▶ Data:
=====
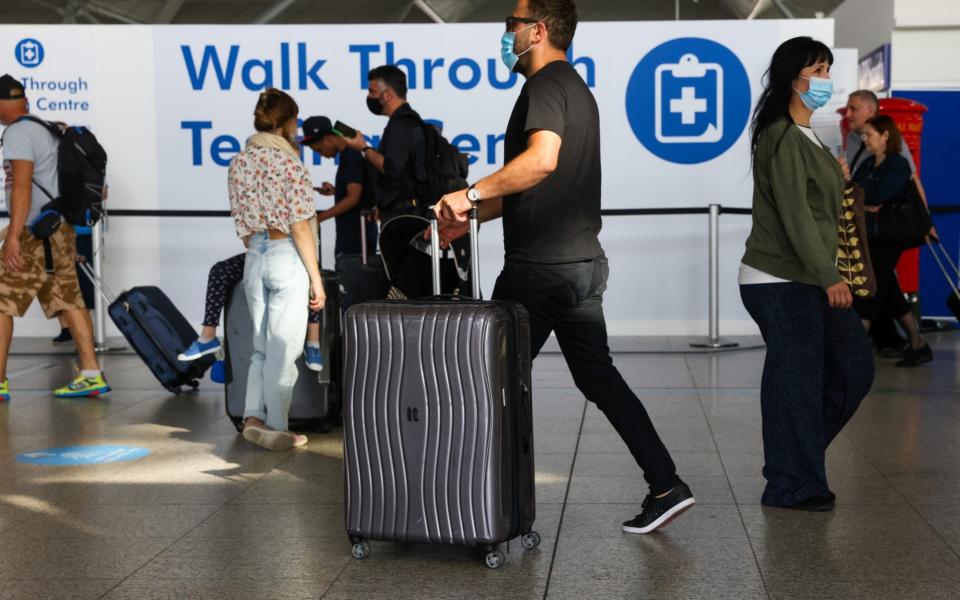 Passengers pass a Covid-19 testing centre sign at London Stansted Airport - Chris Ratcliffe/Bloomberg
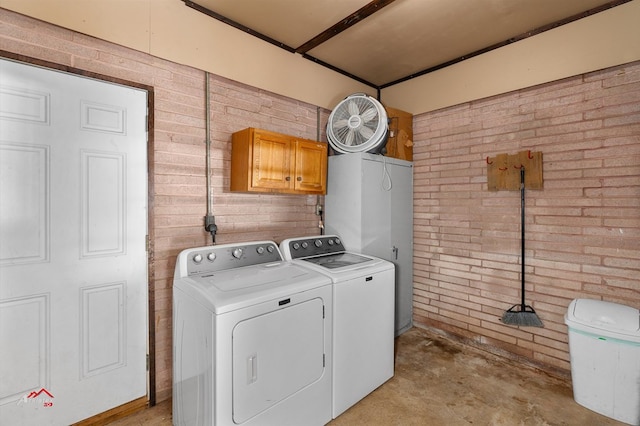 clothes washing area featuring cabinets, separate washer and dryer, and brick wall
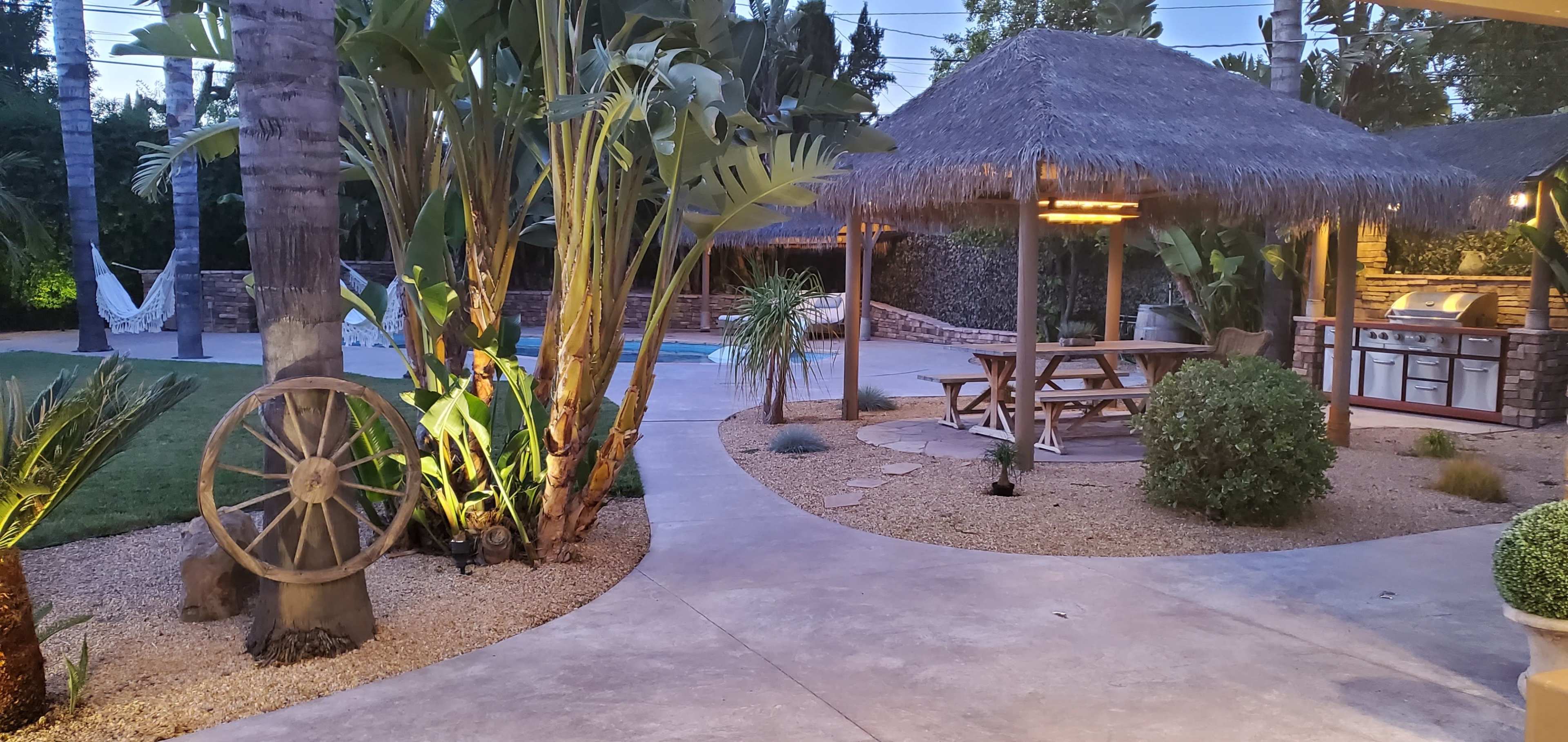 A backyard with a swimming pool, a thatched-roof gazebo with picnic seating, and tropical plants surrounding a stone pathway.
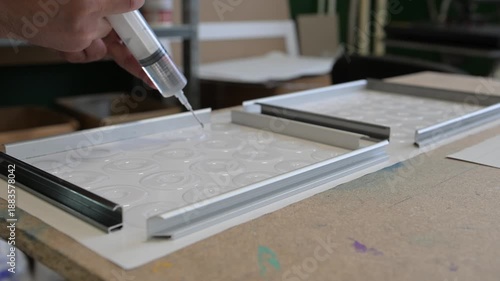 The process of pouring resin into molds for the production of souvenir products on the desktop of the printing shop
=====
▶ What to produce:
Using the listing above, copy every line from the line containing "A backyard with" through the last one, both included, and no other lines. Pictures stay out.

▶ Result below:
 A backyard with a swimming pool, a thatched-roof gazebo with picnic seating, and tropical plants surrounding a stone pathway.
 The process of pouring resin into molds for the production of souvenir products on the desktop of the printing shop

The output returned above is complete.